Let’s hope that Indian society which is so eager to convey the impression that it has evolved and in tune with better sensibilities makes way for right people, create room for healthy relationships and removes chosen contradictions. At present, it’s in cusp which is neither modern nor ancient. I prefer not to treat it as a society trapped in transition. It’s probably moving away from its core: The core made up of ancient wisdom which treated even insentient objects worthy of admiration.

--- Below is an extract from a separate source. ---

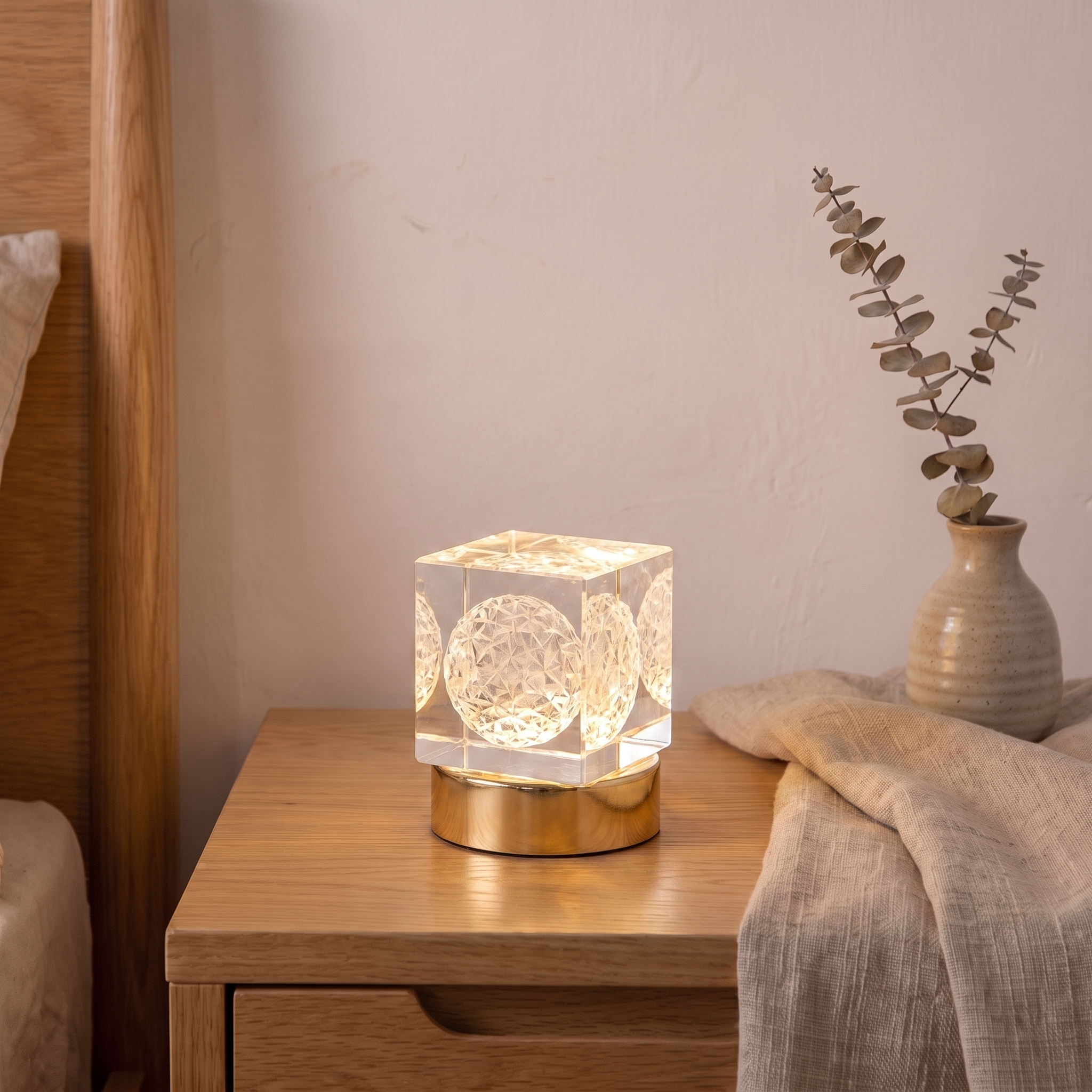 Stellora, veilleuse LED cristal 3D modèle carré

Look at present age. We are murdering our own kids-only because they fail to fulfill our expectations. We believed that husband and wife are each other’s reflection. Today we find that most of them are living in dead relationship. We treated women as object of worship. Today she is some ‘chikni chameli’ or, if that’s not the case, she is promoting some mobile or deodorant via the charm of her body !! Our wise present age intellectuals call prostitution the oldest profession. They forget that we have produced women who have set high precedents. Let’s not glorify trash even as we come to make way for trash to make the life attain full circle.
If sex enters then friendship between man and woman is not real or true! Nonsense. What’s the need to use sex as a criterion to determine whether friendship is real or not? If one says the issue relates more with friendship and not sex then what’s the need to be bothered over what others perceive about quality of friendship? I mean why one is so bothered about the type of friendship that exists between man and woman? The whole world is guided by some sorts of interests. Is that too easy to be Nishkam (selfless)? In Ramcharit Manas, it’s clearly stated right from Devas (Demigods) to human beings all are guided by some interests.
I fail to understand what’s the need to view man-woman friendship from a special angle? Are same sex relationships above interests? I have altogether a different take on this issue. Let’s not use the presence or absence of sex as the determining factor to measure the worth of man and woman relationship. No problem if sex is there. If it’s not there then treat that too as normal! In my eyes ice always melts in presence of fire. It’s natural. Why so much fuss? The only worrying factor is that the whole relationship should not get limited to sexual gestures alone. In other words, the relationship was a flawed one if it was merely preserved for sexual favours.
If that’s not the case then just enjoy the relationship singing Kishore’s hit number from Amar Prem: Kuch To Log Kahenge Logo Ka Kaam Hai Kehna!